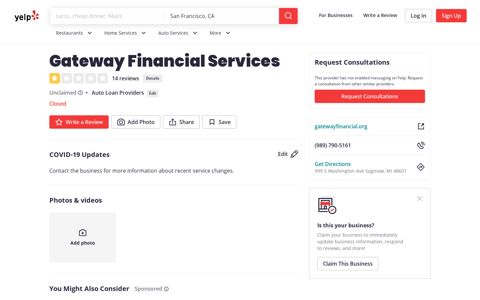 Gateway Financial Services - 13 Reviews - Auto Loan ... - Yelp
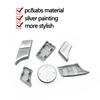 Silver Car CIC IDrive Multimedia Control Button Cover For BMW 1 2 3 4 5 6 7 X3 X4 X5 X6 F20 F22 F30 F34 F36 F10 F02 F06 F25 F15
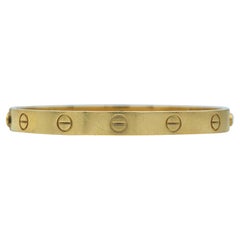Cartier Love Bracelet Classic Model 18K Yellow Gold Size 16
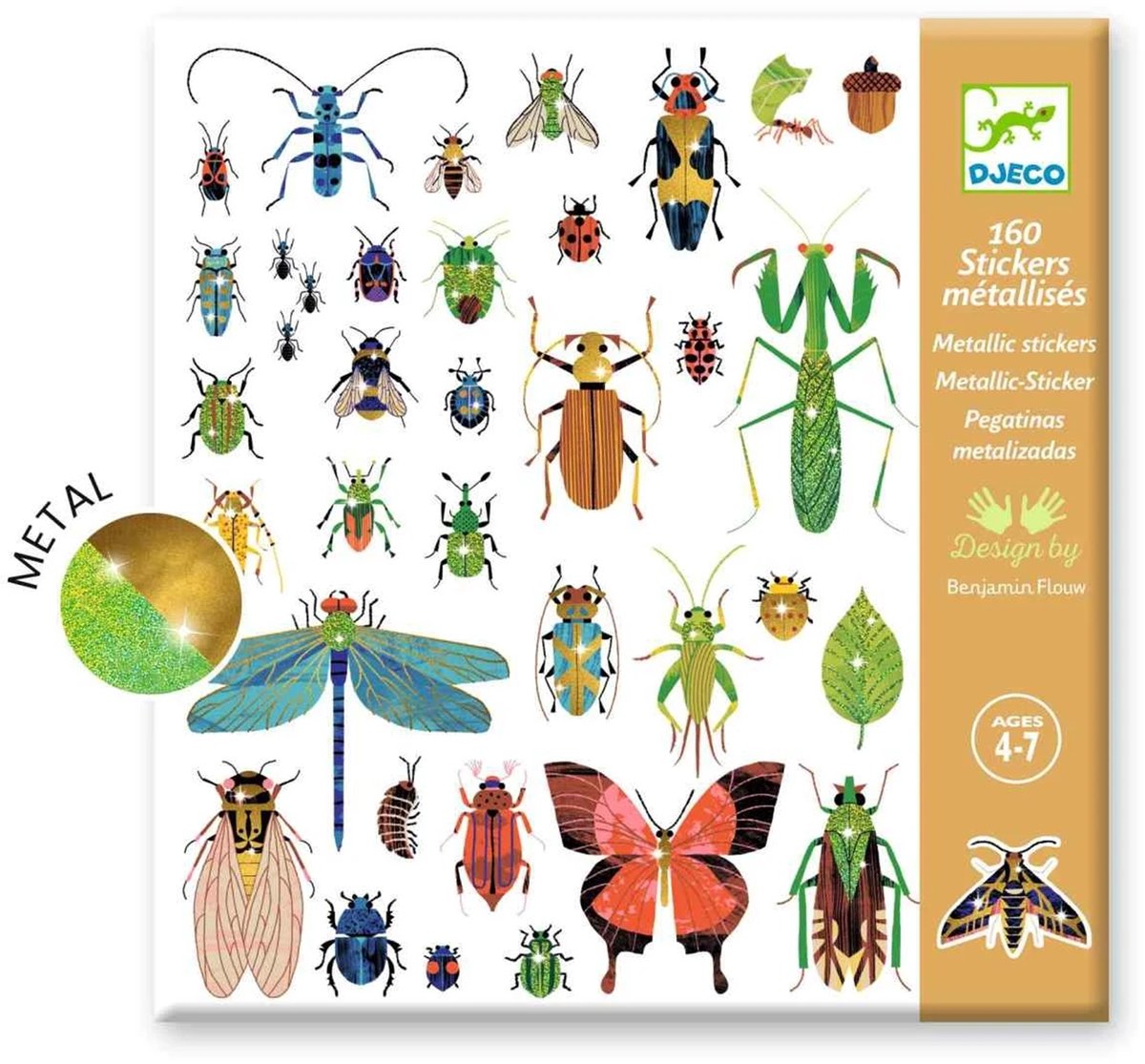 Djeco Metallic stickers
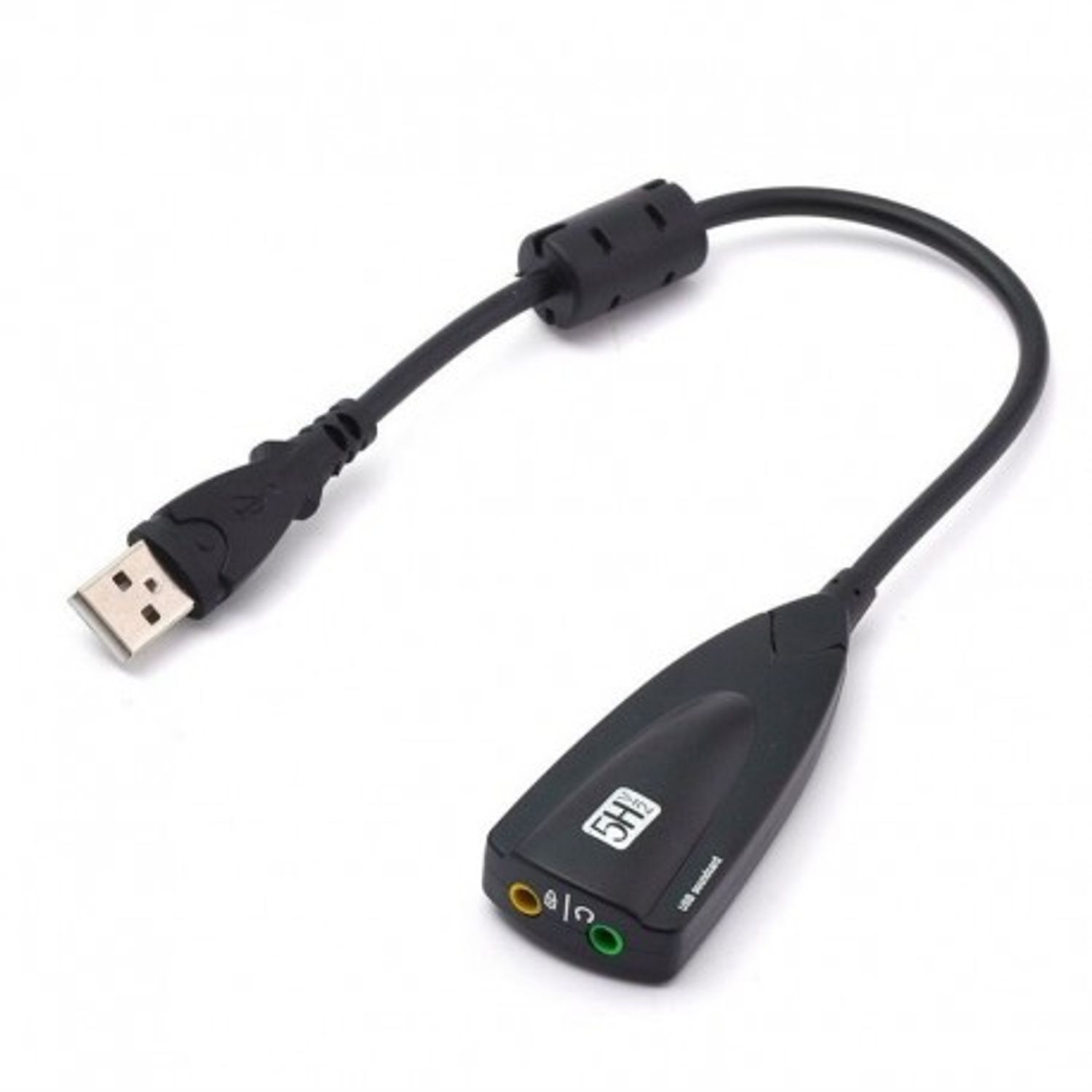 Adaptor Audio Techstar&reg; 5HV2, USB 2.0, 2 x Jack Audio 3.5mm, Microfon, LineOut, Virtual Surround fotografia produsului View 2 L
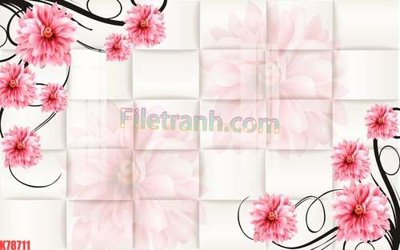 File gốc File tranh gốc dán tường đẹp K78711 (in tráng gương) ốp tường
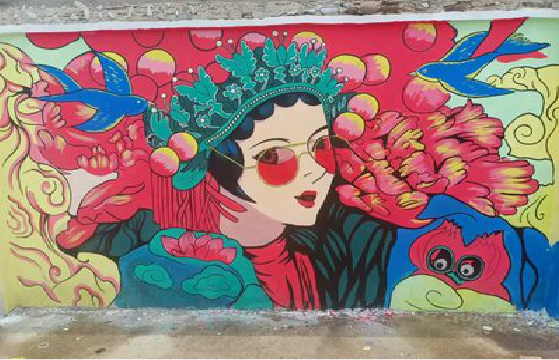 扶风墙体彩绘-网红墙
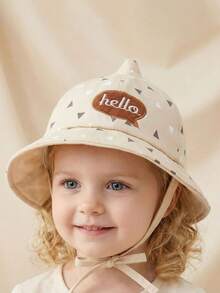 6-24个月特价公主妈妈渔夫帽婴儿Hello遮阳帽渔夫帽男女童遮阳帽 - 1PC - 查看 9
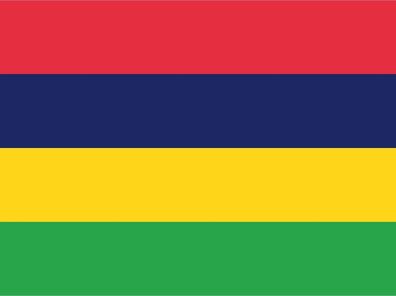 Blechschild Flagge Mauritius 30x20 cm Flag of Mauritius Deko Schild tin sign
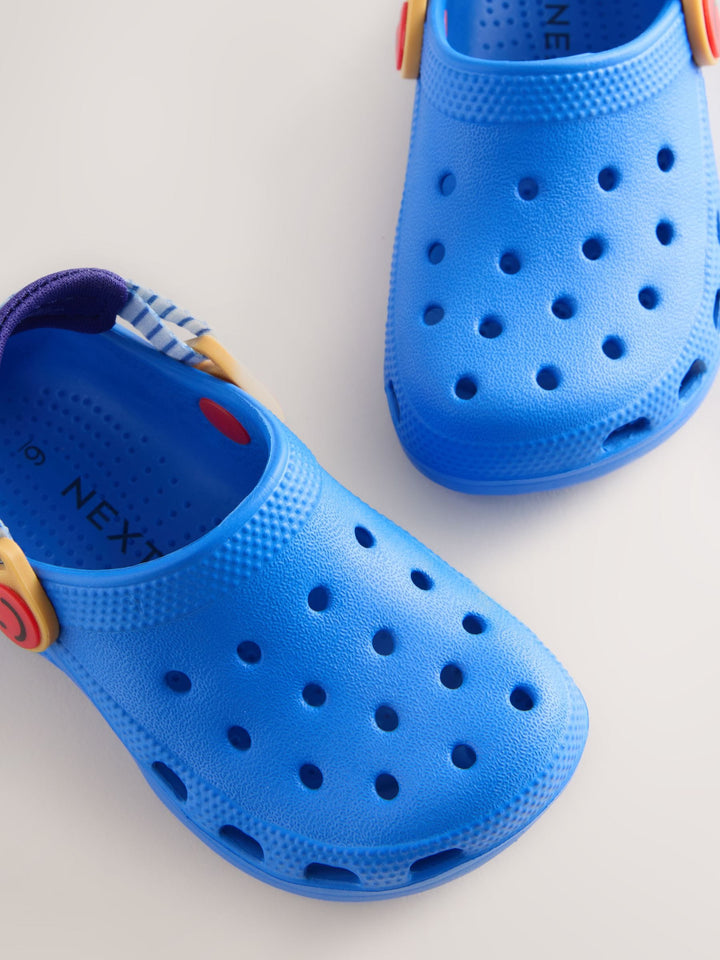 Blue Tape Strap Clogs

*What you should do*
Repeat the material verbatim. Do not carry over any picture.

*Answer for the task*
 Gateway Financial Services - 13 Reviews - Auto Loan ... - Yelp
 Silver Car CIC IDrive Multimedia Control Button Cover For BMW 1 2 3 4 5 6 7 X3 X4 X5 X6 F20 F22 F30 F34 F36 F10 F02 F06 F25 F15
Cartier Love Bracelet Classic Model 18K Yellow Gold Size 16
 Djeco Metallic stickers
 Adaptor Audio Techstar&reg; 5HV2, USB 2.0, 2 x Jack Audio 3.5mm, Microfon, LineOut, Virtual Surround fotografia produsului View 2 L
 File gốc File tranh gốc dán tường đẹp K78711 (in tráng gương) ốp tường
 扶风墙体彩绘-网红墙
 6-24个月特价公主妈妈渔夫帽婴儿Hello遮阳帽渔夫帽男女童遮阳帽 - 1PC - 查看 9
 Blechschild Flagge Mauritius 30x20 cm Flag of Mauritius Deko Schild tin sign
 Blue Tape Strap Clogs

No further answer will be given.